WORK INSTRUCTIONS:
Would you please repeat, word for word, only the lines from the one holding "Preview: Four Cows" through the one holding "品诺王老师麻辣鸭腿 品诺王老师麻辣鸭腿" in the material below, without the pictures?

DATA PROVIDED:
===
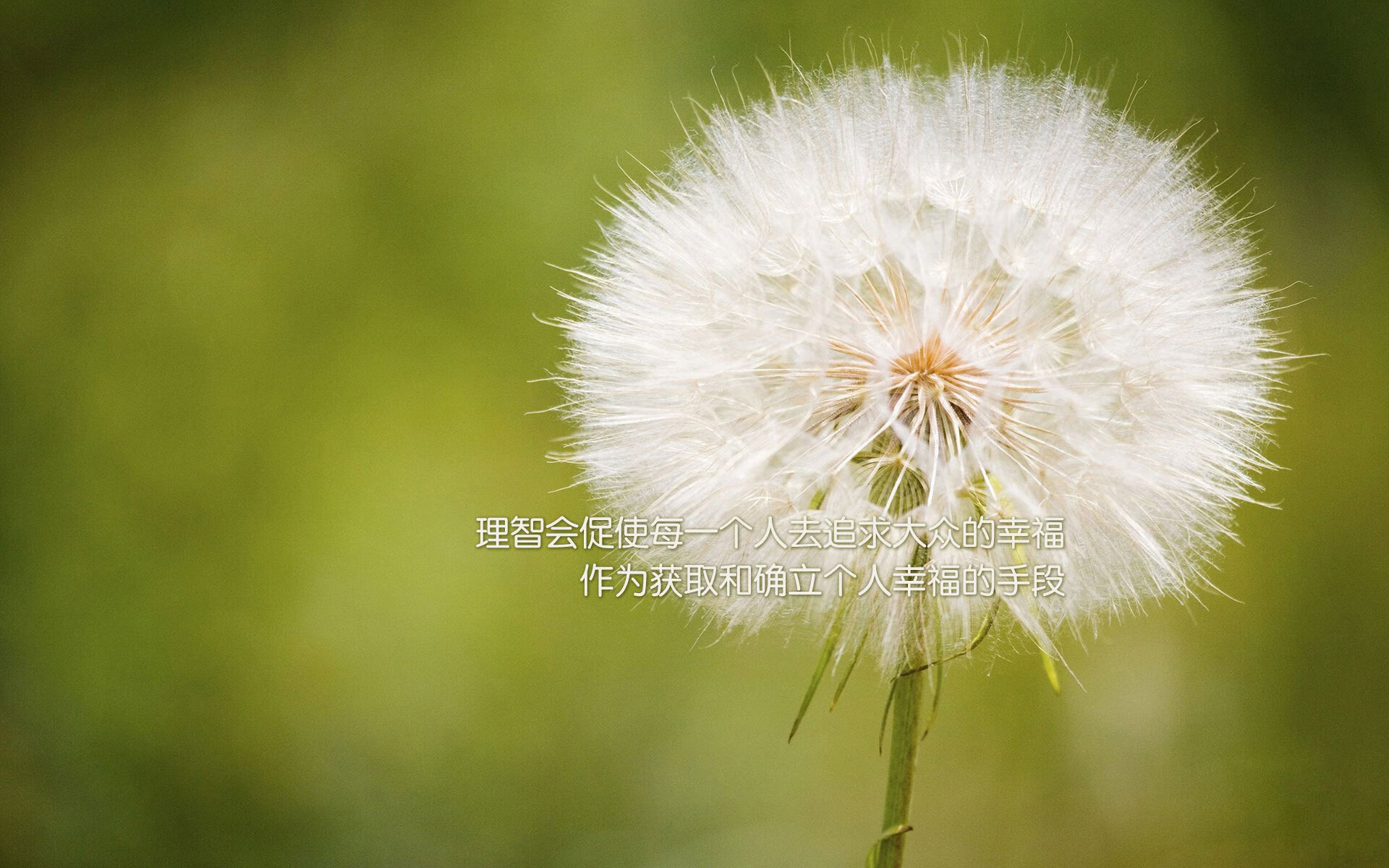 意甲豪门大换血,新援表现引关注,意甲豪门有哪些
===
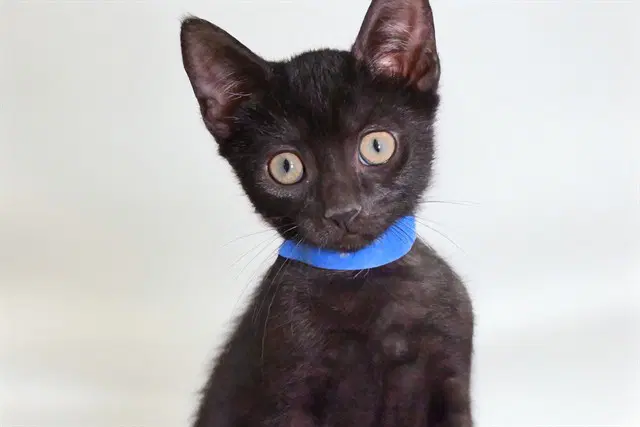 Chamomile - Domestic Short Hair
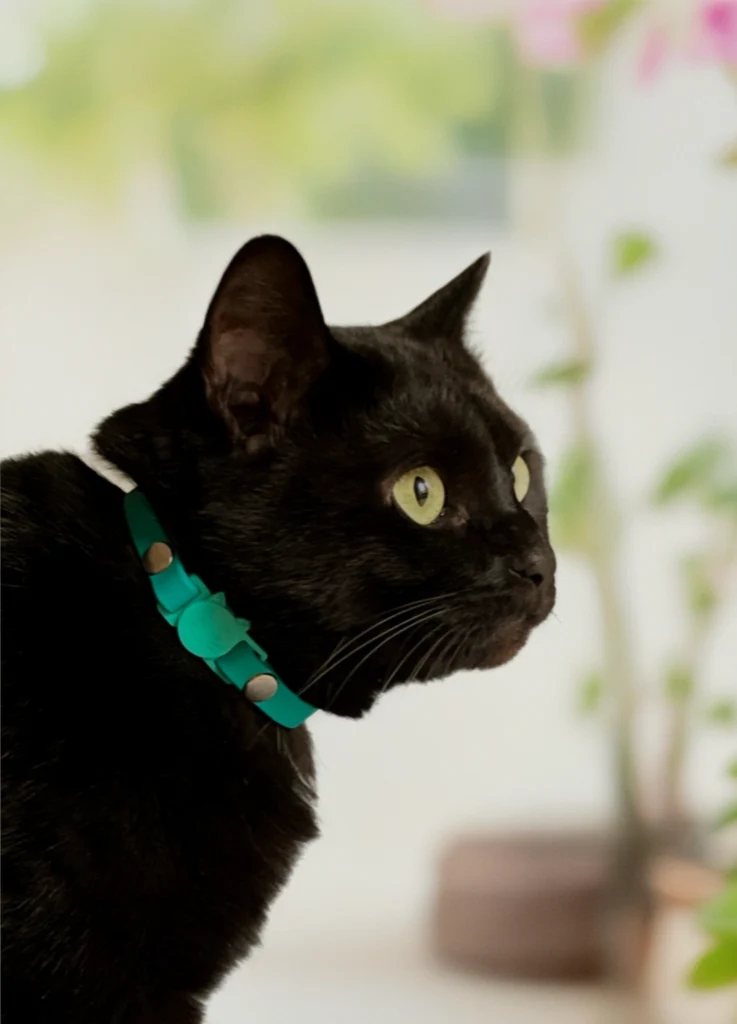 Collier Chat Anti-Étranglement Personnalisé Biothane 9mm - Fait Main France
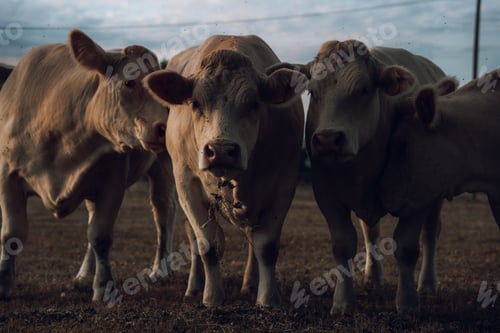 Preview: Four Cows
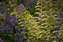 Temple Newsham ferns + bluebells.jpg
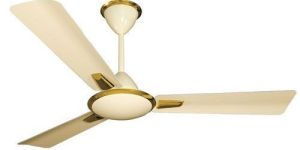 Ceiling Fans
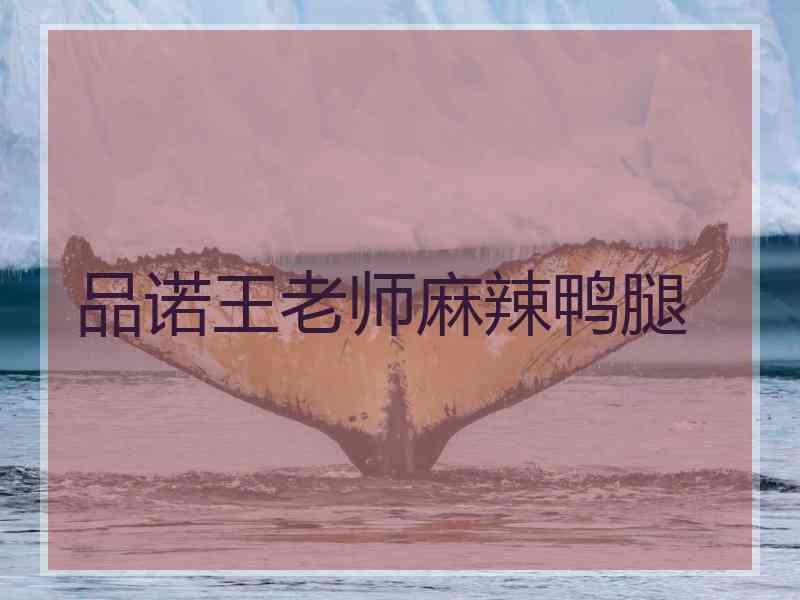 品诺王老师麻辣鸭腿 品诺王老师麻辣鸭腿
===
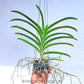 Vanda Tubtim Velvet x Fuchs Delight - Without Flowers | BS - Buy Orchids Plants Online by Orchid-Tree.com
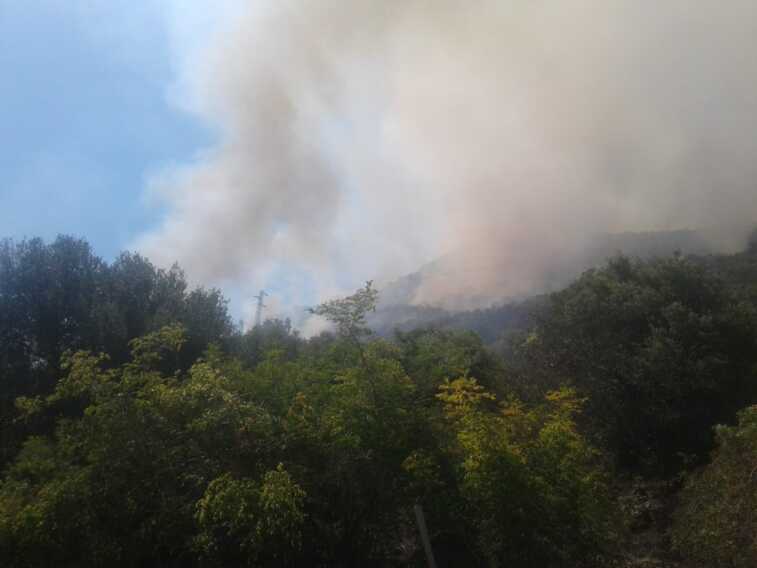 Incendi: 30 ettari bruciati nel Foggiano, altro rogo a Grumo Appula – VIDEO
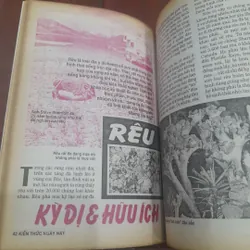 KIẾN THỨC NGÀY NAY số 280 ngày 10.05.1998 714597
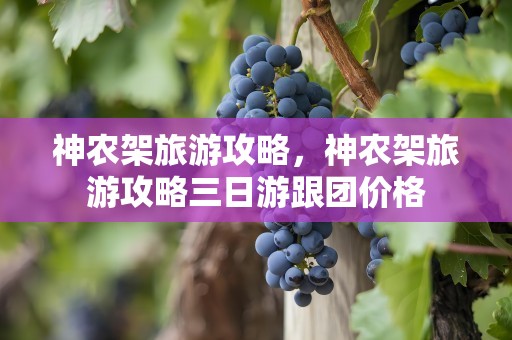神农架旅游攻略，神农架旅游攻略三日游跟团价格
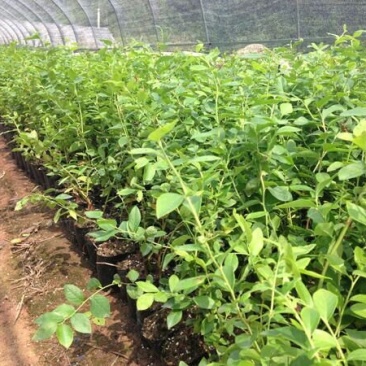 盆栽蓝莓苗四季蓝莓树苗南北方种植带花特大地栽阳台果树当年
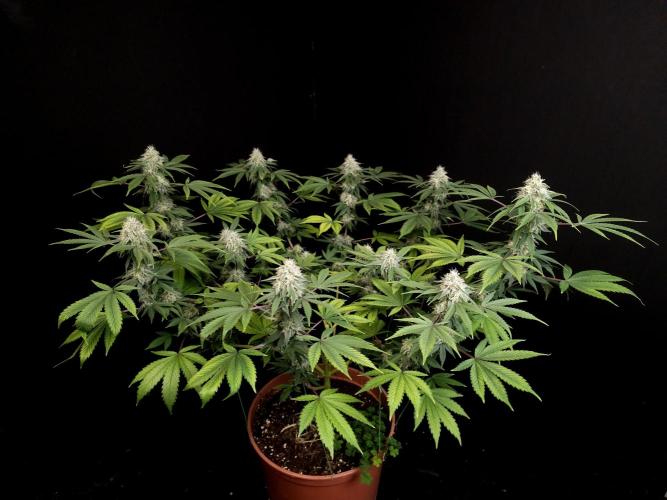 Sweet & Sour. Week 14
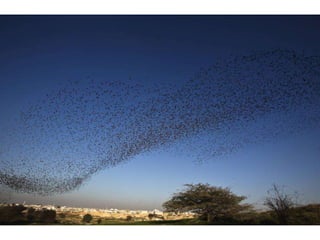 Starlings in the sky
===
FINISHED EXERCISE:
 Preview: Four Cows
 Temple Newsham ferns + bluebells.jpg
 Ceiling Fans
 品诺王老师麻辣鸭腿 品诺王老师麻辣鸭腿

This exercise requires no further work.